Strong and practical evidence of this detrimental mechanism of planning oversimplifying the future and then operating a much more complex system using the water opportunity cost (water value) from this simplified model manifests itself in pre-generation out-of-merit order (GFOM) situations. In these moments (which is still alive in our nightmare since the second semester of 2021 and which imposed a billionaire bill with unbelievably-expensive merchant thermal plants - not saying that the decision, given what happened, was wrong yet perhaps not well formatted in legal terms), it becomes a possibility that a more realistic (or even pessimistic) view of future inflows and system constraints should lead to more frequent and flat thermal dispatches, say, with cheaper gas-power plants, in order to avoid the exorbitant costs of activating all thermal plants, some of which costing more than 1000 R$/MWh.

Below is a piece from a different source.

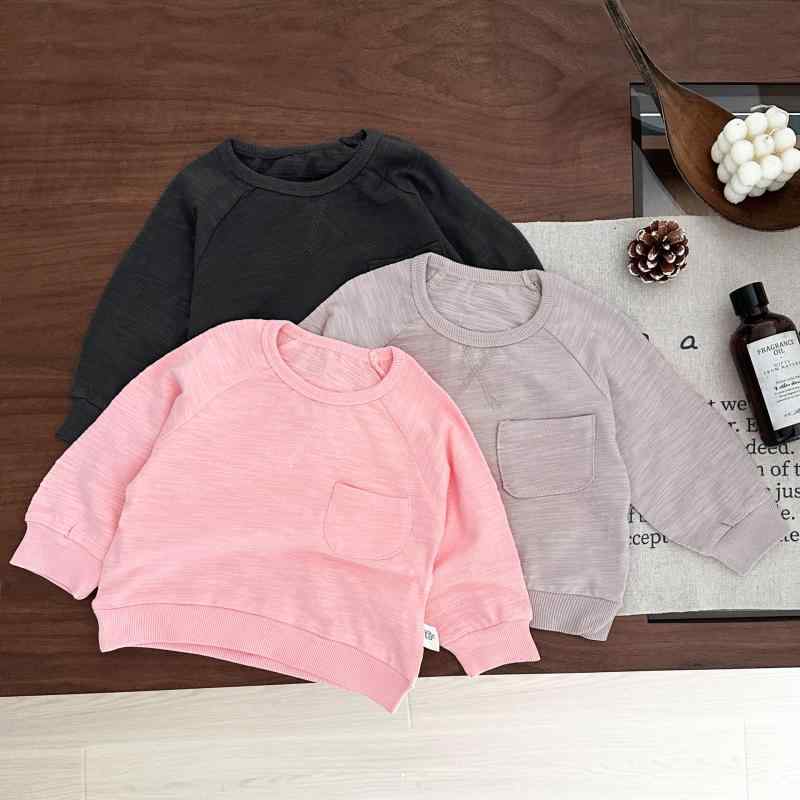 Tシャツ キッズ ベビー 男の子 女の子 吸汗速乾 柔らか肌触り 無地 長袖 丸首 ラウンドネック コットン100% 春秋 カジュアル 韓国風 トップス 男女兼用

Note that, at this point, various fronts that seek to justify, and in some instances even impose, firm gas dispatch could find an echo in the very nature of the potential benefit that these thermal plants could bring "within" the corrected merit order (dispatch using a more detailed and realistic view of the future). However, with the current chain of models in use, we are not able to measure such benefits. This is because the long-term models, NW and Decomp, are not able to
1) capture many of the benefits that hydropower brings in solving intraday inflexibilities (see reference 6, at the end of this post, for the case of simplifications in the network models) and
2) receive unrealistic projections about future water inflows.
As such, the value that the cheaper thermal plants bring by ensuring higher storage levels for the future is not fully captured. So, it is very likely that the intuition most of the market participants share of what would happen if we had more realistic view of the future and what is fair to expect given the knowledge about the operation of hydrothermal systems, such as more firm dispatch with gas, filling of reservoirs so that they operate in regions of greater efficiency, and greater valorization of reservoirs that bring important flexibilities to circumvent almost all the short-term constraints and the intermittency of renewables in real-time, should happen through the model, i.e., would become the new merit order by the improvements in the NW and Decomp.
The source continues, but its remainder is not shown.